Earnshaw had allowed only two walks in his first two innings of work. In the bottom of the third, he walked Earle Combs with one out and Sewell broke up the early no-hitter with a single to short center. Ruth drew his second walk of the game, loading the bases. Earnshaw then buckled down, retiring Gehrig and Ben Chapman, preserving the shutout.
The score remained 6-0 until the top of the fifth. Cochrane led off with a walk. Two outs later, Bob Johnson singled to left. Higgins walked, loading the bases. Williams came through again, with a single to left. Cochrane and Johnson scored (earned runs this time). New York answered in the home half of the fifth. With runners at the corners and one out, Gehrig rolled a grounder to second baseman Bishop, who threw to shortstop Williams for a force out at second, and Combs scored the Yankees’ first run of the game.
The A’s got the run right back in the top of the sixth. Bishop singled to open the inning but was forced out at second by Cramer. Cochrane walked (his second free pass of the game). With Jimmie Foxx at bat, Cramer was picked off second base. Foxx then doubled to left and Cochrane scored.
In the top of the seventh, Jumbo Brown became the third New York pitcher. With one out, Higgins doubled to right. After Williams walked, Earnshaw drove Higgins home with a bloop single to left. Bishop walked, and Philadelphia had once more loaded the bases. Cramer’s fly ball brought Williams home. Back-to-back singles by Cochrane and Foxx resulted in two more runs and another trip to the mound to make a pitching change, as George Uhle relieved Brown. Uhle walked Ed Coleman, loading ’em up again, but Johnson, batting for the second time in the inning, flied out to end the rally. Now it was 13-1.
After the seventh-inning stretch, Ruth led off with a walk. Samuel Byrd ran for him. After striking out Gehrig and getting Chapman to fly out, Earnshaw gave up a single to Tony Lazzeri and an RBI single to Dickey, but that was all the New Yorkers could manage.
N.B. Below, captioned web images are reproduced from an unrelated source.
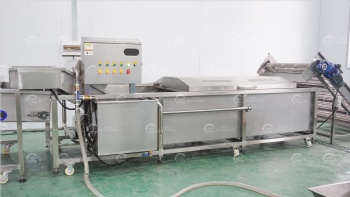 Fruits/Vegetables Washing Drying and Grading Line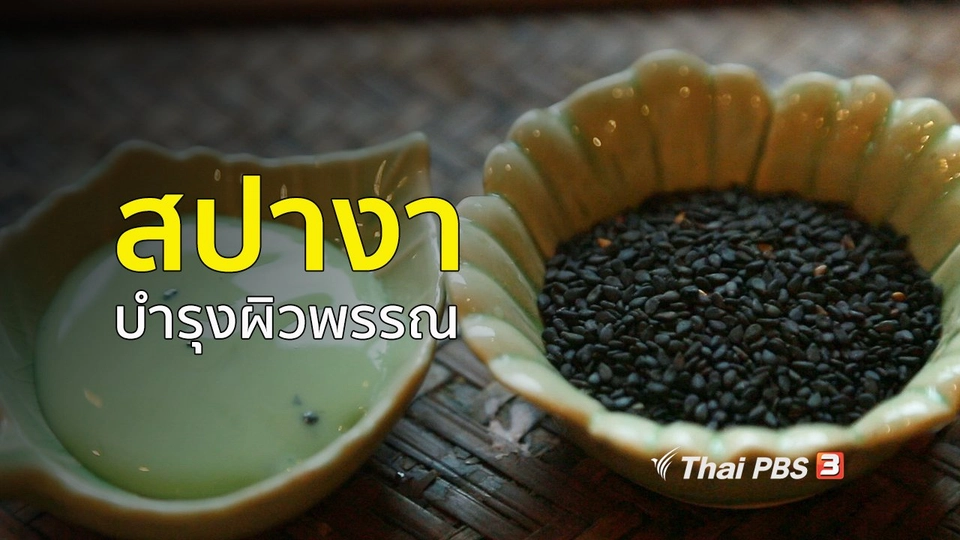 ปรับก่อนป่วย : สปางา ของดีเพื่อสุขภาพที่แม่สอด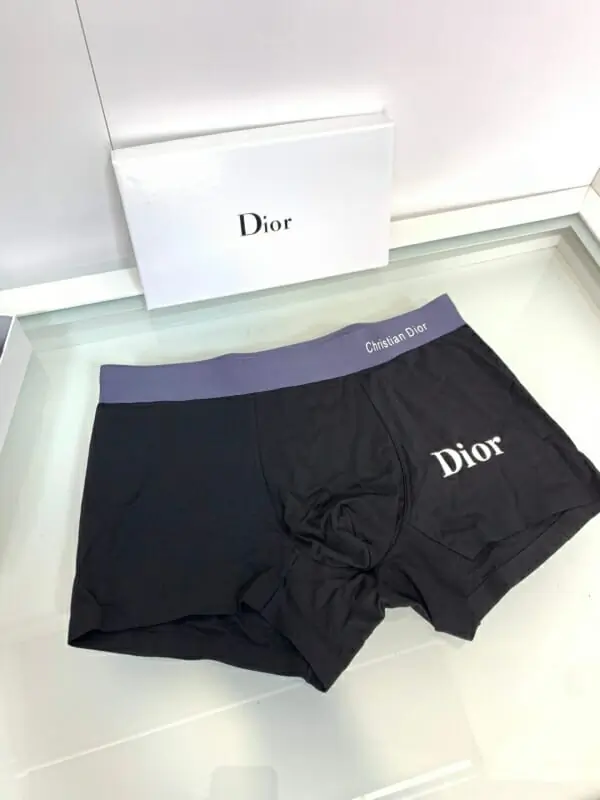 christian dior sous vetementss pour homme s_10707243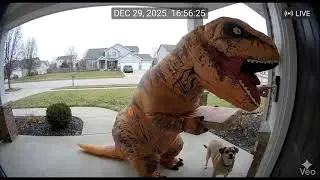 DoorDash been real quiet since this dropped 🦖🍕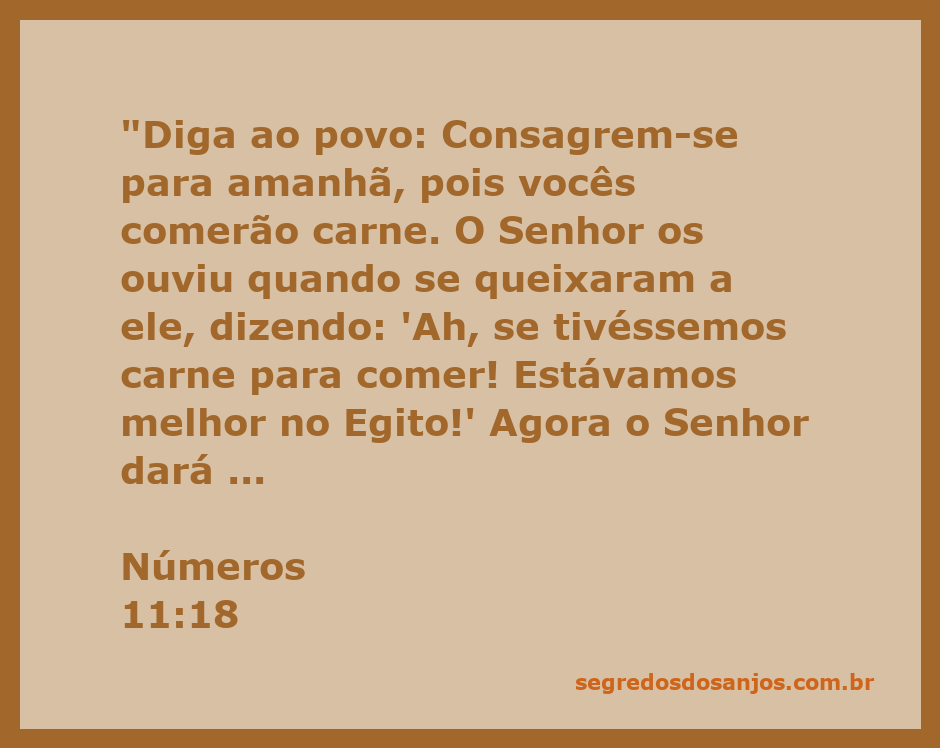Versículo de Números 11:18, onde Deus promete carne ao povo que se queixou no deserto.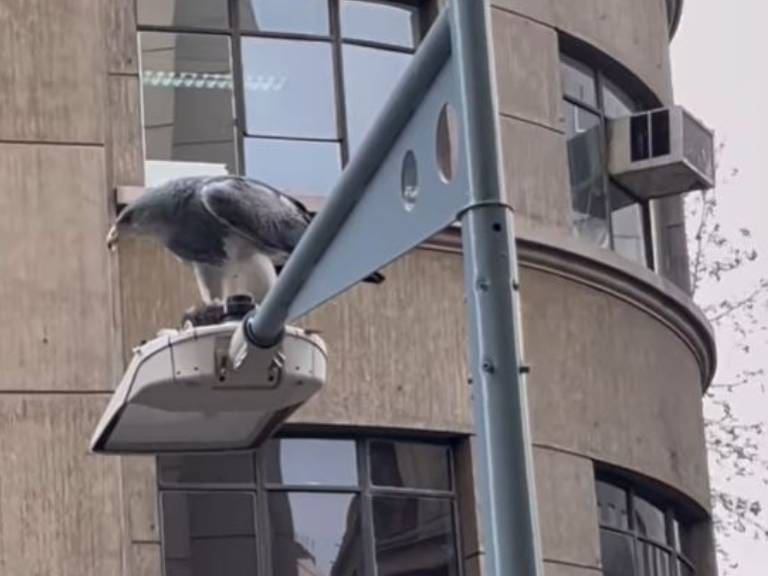 Captan un águila cazando una paloma en pleno centro de Santiago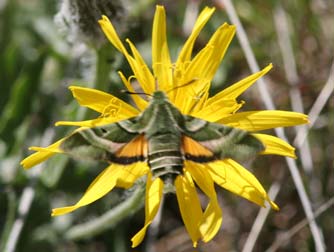 Picture of Clark's day sphinx moth showing green and orange wing pattern, visiting Modoc hawksbeard flowers near Reecer Creek, WA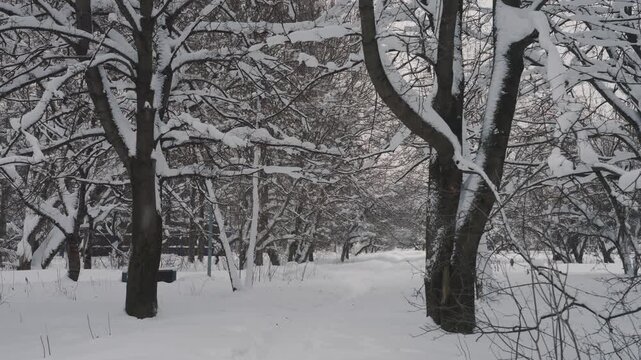 trees in snow, winter forest walk, a snowy trail surrounded by leafless trees blanketed in snow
The eighth inning featured an exciting rundown. With one out, Higgins on third and Williams at first, Bishop bounced a grounder to Gehrig. The Yankees first baseman threw home to get Higgins, who had taken off for home, but he stopped halfway toward the plate. Arndt Jorgens, who had entered the game in this inning, replacing Dickey, threw the ball to third baseman Sewell, who thought he could chase Higgins toward home plate and tag him out. According to the Philadelphia Inquirer, “Higgins simply opened the speed throttle and pulled away from Joe to score easily.”7 Meanwhile, Williams advanced to third base on the play and scored on Cramer’s force out of Bishop at second. Cochrane grounded a double into right field, plating Cramer. Three more runs were added to Philadelphia’s tally. The two-bagger meant that Cochrane had just hit for the cycle.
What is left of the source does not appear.